Posted on February 3, 2012 by admin

I had to read “Linear Algebra and Its Applications” by David Lay for the Linear Algebra 1 class in my first semester in University. So this is a gentle introduction to Linear Algebra. The book doesn’t assume a lot of previous knowledge.

Linear Algebra Book
Author David C. Lay
ISBN-10 0201845563

Chapter Structure

Each chapter starts with an introductory example. Each section within a chapter ends with practice problems and exercises. Worked out examples with solutions are given too. As you would expect from a Linear Algebra book, there are lots of theorems and numerical notes.

1. Systems of Linear Equations

The first chapter gives some examples of linear systems. The row reduction algorithm is explained. I remember having to solve these kind of problems by hand for weeks. As is usual in mathematics, we learn to work out something with paper and pencil the hard way and then we figure out how to do it faster by writing a computer program. If you are into Python, please check out NumPy.

2. Vector and Matrix Equations

Chapter 2 starts with a number of examples as well. We learn about the fundamental idea of representing a linear combination of vectors as a product of a matrix and a vector. This leads to this famous equation:

A x = b

3. Matrix Algebra

Chapter 3 teaches about matrix operations such as matrix multiplication, matrix inversion and transposing matrices. The chapter ends with the Leontief Input Output Model from economics and applications to computer graphics.

4. Determinants

The introductory example in this chapter is about determinants in analytic geometry. Properties of determinants are mentioned as well as calculation methods.

5. Vector Spaces

I don’t know if it has anything to do with the chapter title, but the first example of this chapter is about space flight and control systems. In my opinion this chapter is more theoretical than the preceding chapters. The chapter ends with applications to difference equations and Markov Chains.

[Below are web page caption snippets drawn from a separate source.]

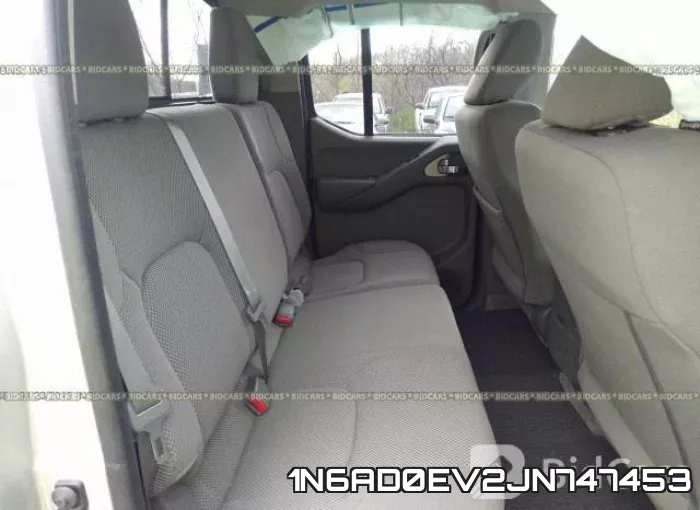 1N6AD0EV2JN747453 фото 9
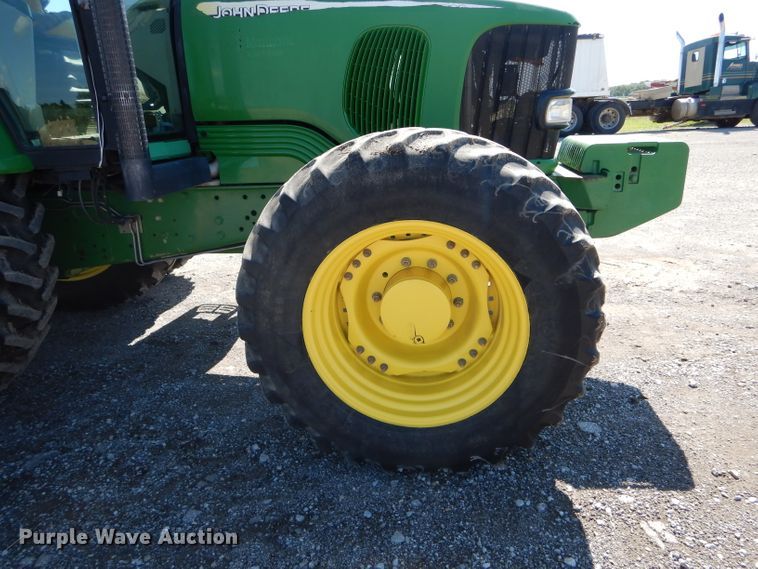image for item DH6017 2005 John Deere 7520 MFWD tractor
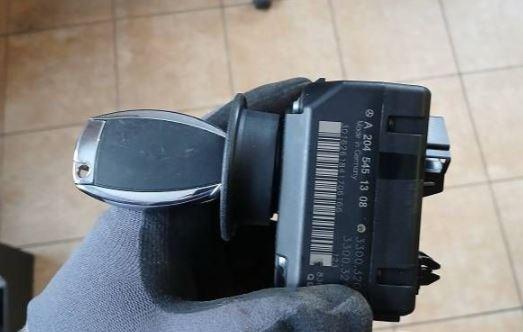 Mercedes C W204 2007-2014 combi 2.2 CDI diesel AT 125 kW 2008  Spínacia skrinka A2045451308 33003209 33003211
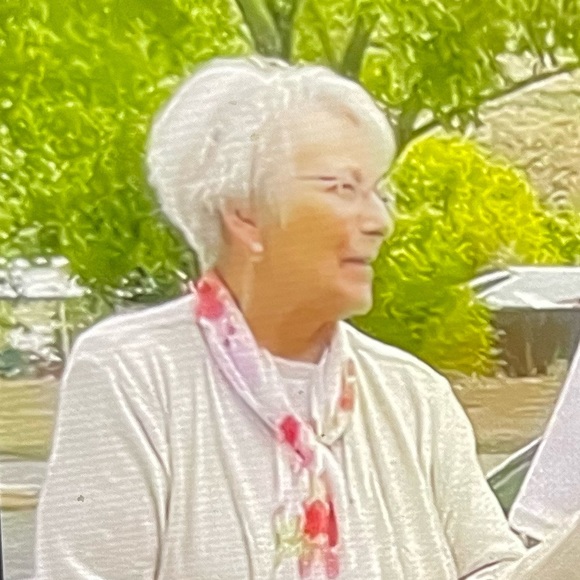 Meet your Posher, Patricia - Picture 3 of 3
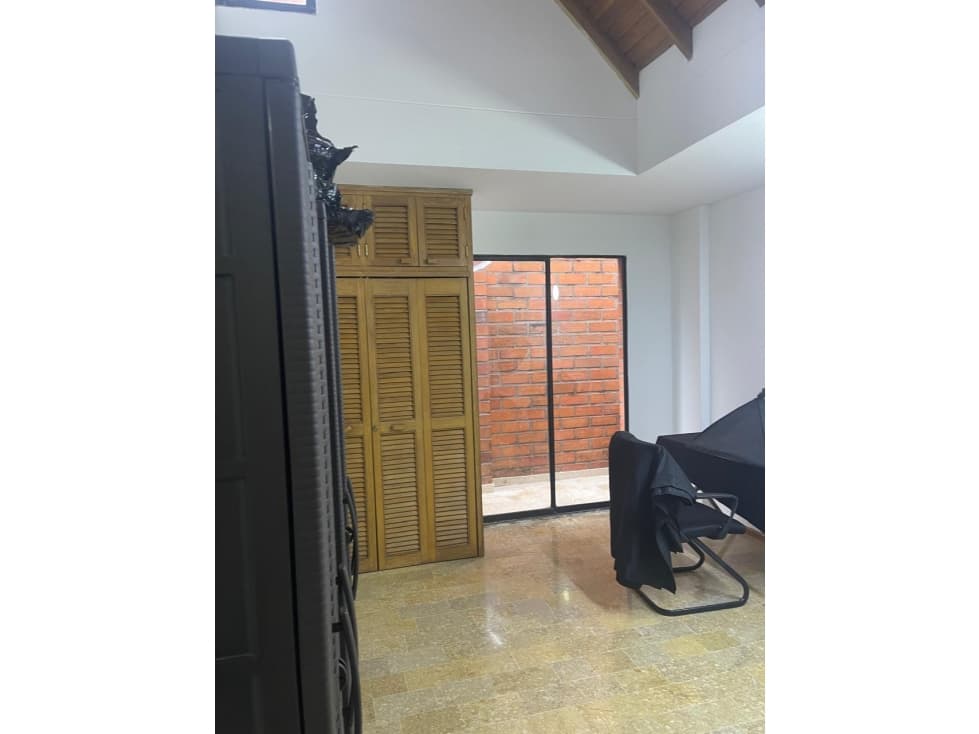OFICINA EN ARRIENDO SECTOR AGUACATALA - POBLADO — foto 5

6. Eigenvalues and Eigenvectors

Dynamical systems and spotted owls are the topic of the introductory example of chapter 6. This chapter covers amongst others the characteristic equation, diagonalization and iterative algorithms to estimate eigenvalues.

7. Orthogonality and Least Squares

Chapter 7 begins with a short text about the North American Datum. After that we continue with sections on:

  • orthogonality
  • orthogonal sets
  • orthogonal projections
  • the Gram-Schmidt process
  • least square problems
  • inner product spaces

8. Symmetric Matrices and Quadratic Forms

A story about multi channel image processing is the introduction of chapter 8. This chapter has sections on quadratic forms and singular value decomposition.


The book is very readable and entertaining. The diverse list of examples are already reason enough to recommend “Linear Algebra and Its Applications”. I give this book 5 stars out of 5.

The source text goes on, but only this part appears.